## Activity:
Within the records that follow, restate exactly the lines from the line with "刘亦菲性感大红唇，她的颜值从未输过" down to the line with "Photo 43 of Televisiebaan 96", including both. Omit the pictures.

## Data extract:
◆ ◆ ◆
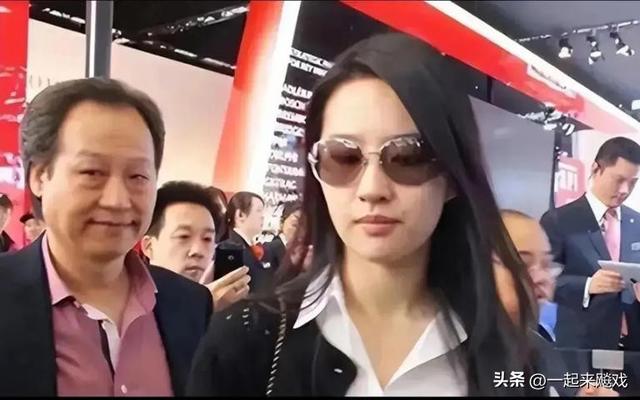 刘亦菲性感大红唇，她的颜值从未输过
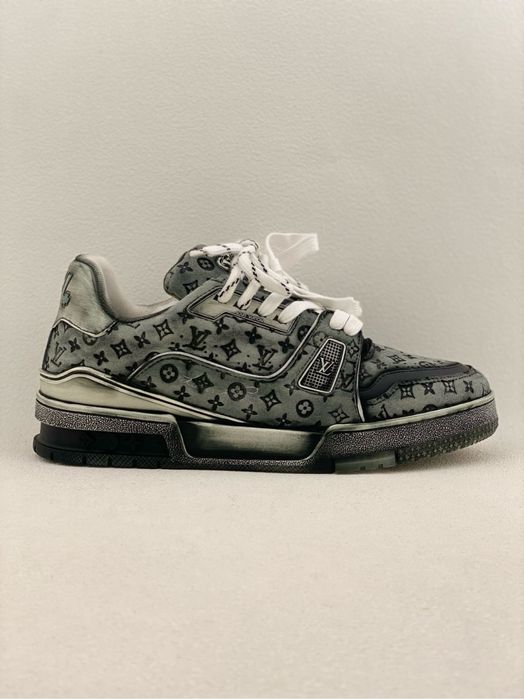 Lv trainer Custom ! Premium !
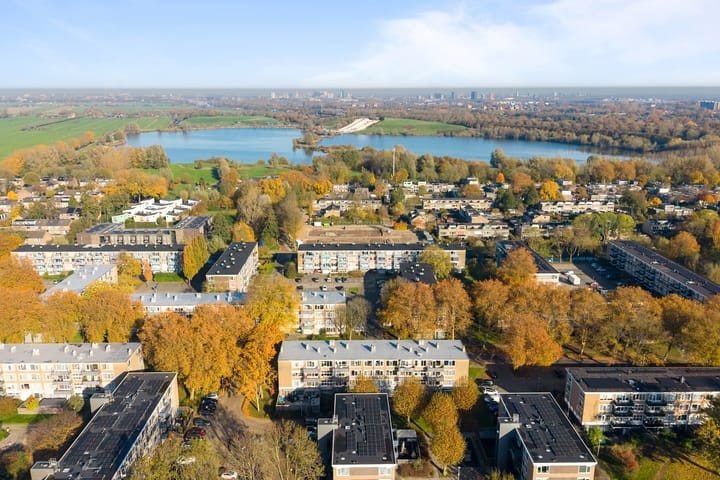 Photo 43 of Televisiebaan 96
◆ ◆ ◆
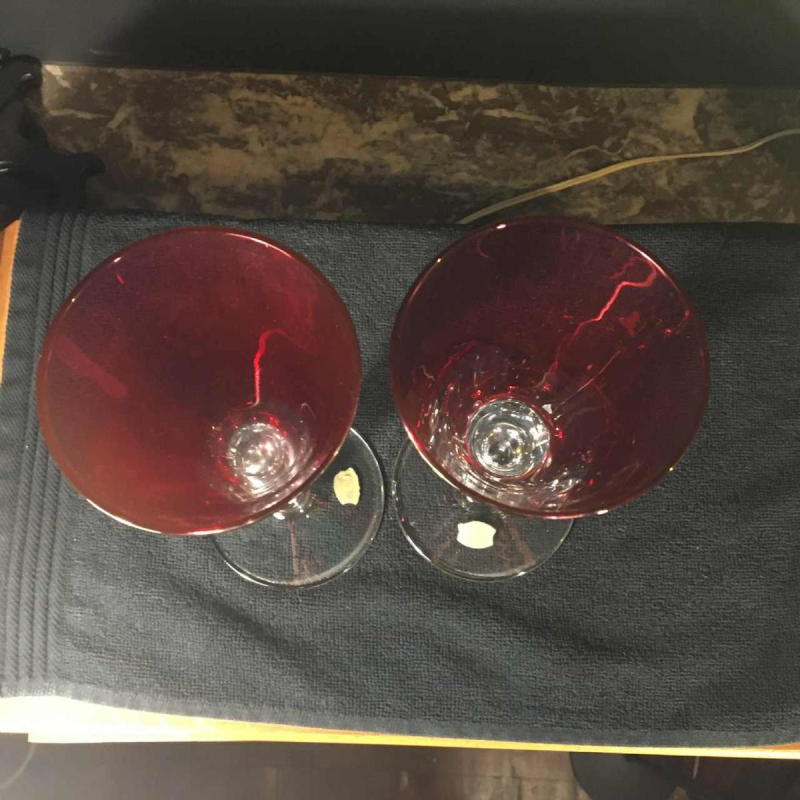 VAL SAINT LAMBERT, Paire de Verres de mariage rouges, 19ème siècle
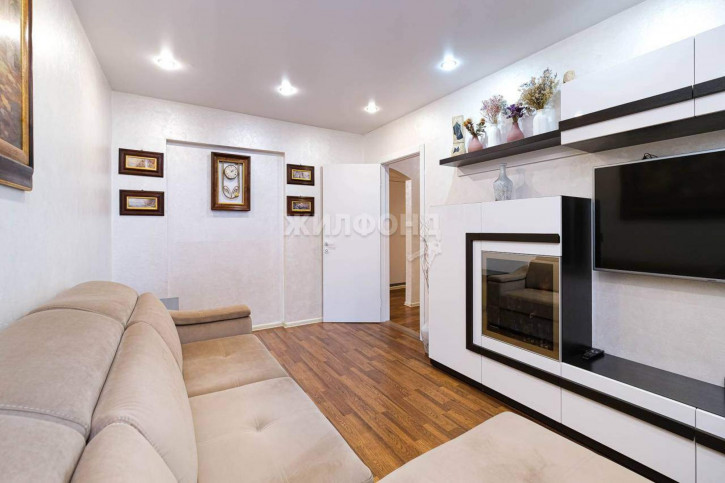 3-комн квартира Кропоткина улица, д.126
◆ ◆ ◆
## Task response:
 刘亦菲性感大红唇，她的颜值从未输过
 Lv trainer Custom ! Premium !
 Photo 43 of Televisiebaan 96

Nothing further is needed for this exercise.